Throughout the show, we caught glimpses of how fragile life can be, and how everything can so suddenly become derailed. It was especially disconcerting when patients arrived at the ICU not because of a car accident or a bump on the head, but after collapsing out of the blue or experiencing a bout of confusion. Their lives were instantly changed when the doctors discovered the existence of a brain disease they never knew they had.

Yet a problem with the brain can sometimes go undetected for a long time, despite the fact that it may have profound psychological effects. Watching Brain Doctors, I was reminded of a story the neuropsychologist Paul Broks tells in his extraordinary book, Into the Silent Land. A patient, ‘Robert’, experiences a dramatic change in character.

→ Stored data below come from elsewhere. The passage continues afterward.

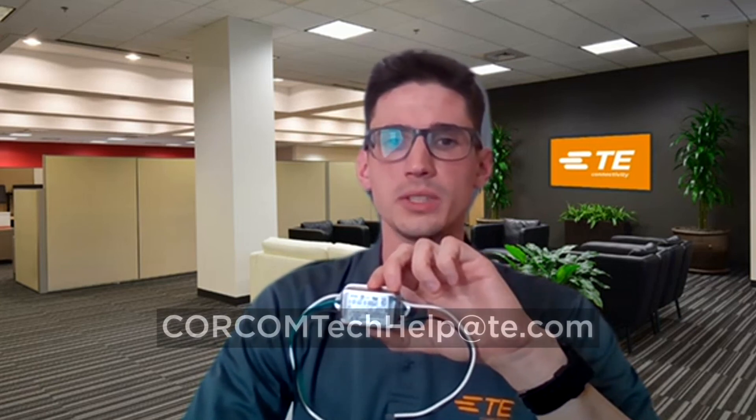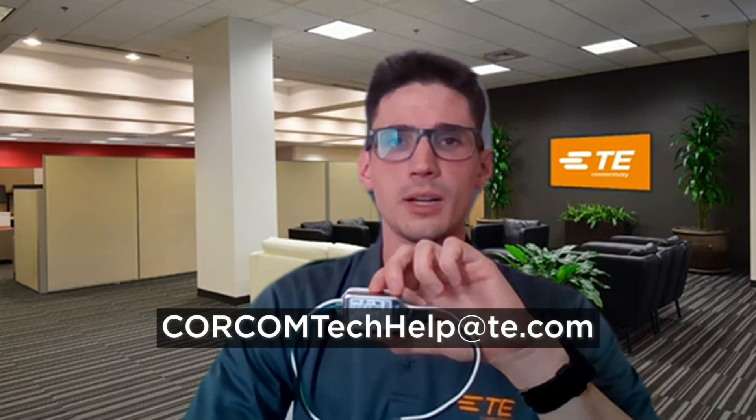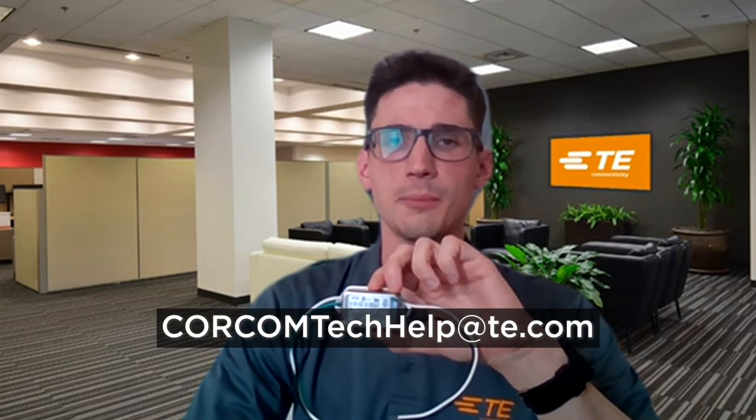For additional help, please contact us at corecomtechhelp.te.com. Thank you.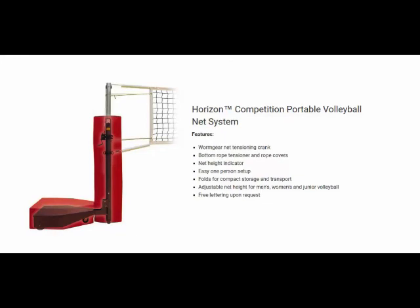When you are exploring the possibilities for an elite level portable volleyball system, trust First Team and look into the Horizon. If you have any questions about this portable volleyball system or any other product on our website, please feel free to contact us at 404-456-3817. Thank you.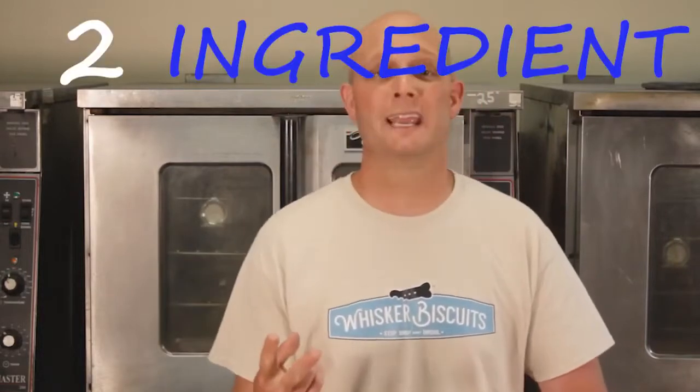Hey, this is Ryan at the world-famous Whisker Biscuits Dog Bakery for another segment of our DIY dog treats. This is going to be great for you lazy folks out there. It's super simple, super easy to do. It's a two-ingredient dog treat recipe. We're gonna take you through the process, which is gonna be super fast, and show you how it's done.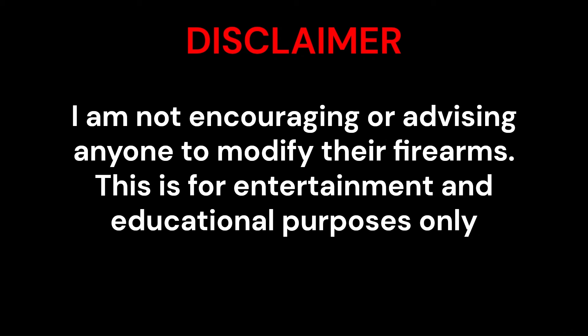I am not encouraging or advising anyone to modify their firearms. This is for entertainment and educational purposes only.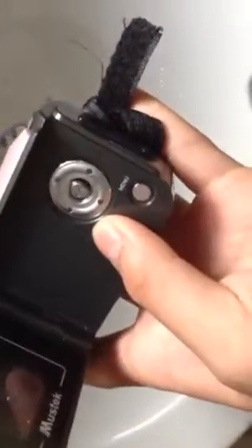Today we are going to be doing a spill test on my Mystic camera. Let's try it on. Let's start up. Let's put it on the test.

This once proper, well-to-do man starts to shop-lift, spends excessive money on possessions he doesn’t need, and one day skips work to drive to a Cornwall beach – from Yorkshire.  Eventually he leaves his family and essentially starts a new life without them. But when he starts getting seizures a couple of years later, he is taken to hospital, where the doctors find – and successfully remove – a tumour affecting the frontal lobes of his brain. When Robert wakes up, he has changed back to the person he was before, and asks when his children will come to visit. Sadly, his family have long since moved on.

In the end, however, the most insightful and touching parts of Brain Doctors were not those that focused on the challenges faced by patients and their families. Rather, they were the points where we saw how profoundly the surgeons were affected by their work. Many of them had been in training for a decade and a half, with years of clinical experience beyond that, yet they had not become numbed to the loss and despair that must be a constant feature of the ICU.

One of the surgeons described his work as like having bipolar disorder: when everything went well, it was the best feeling in the world, but if things started going wrong, it could be devastating. Another was on the verge of tears describing how emotionally draining it was to put everything in to saving a patient and still having to break the bad news to their family.  It was moving to see her return home at the end of the day and become a normal person with a normal family and everyday concerns. How does she do it? “You have to just come in and keep going … and [do] all the things that mums do, whether they’ve just certified someone dead or not.”

But despite all this, it was clear that these talented doctors were doing what they loved. Their obvious satisfaction and delight on the successful completion of an operation was uplifting, despite the sombre feel to the programme. Jayamohan put it best: “Work makes me happy, because I feel like I’ve done something good. Best job ever, without a doubt. There’s nothing else that comes close.”

Brain Doctors airs at 9pm on Wednesdays on BBC2. The first episode is available on BBC iPlayer.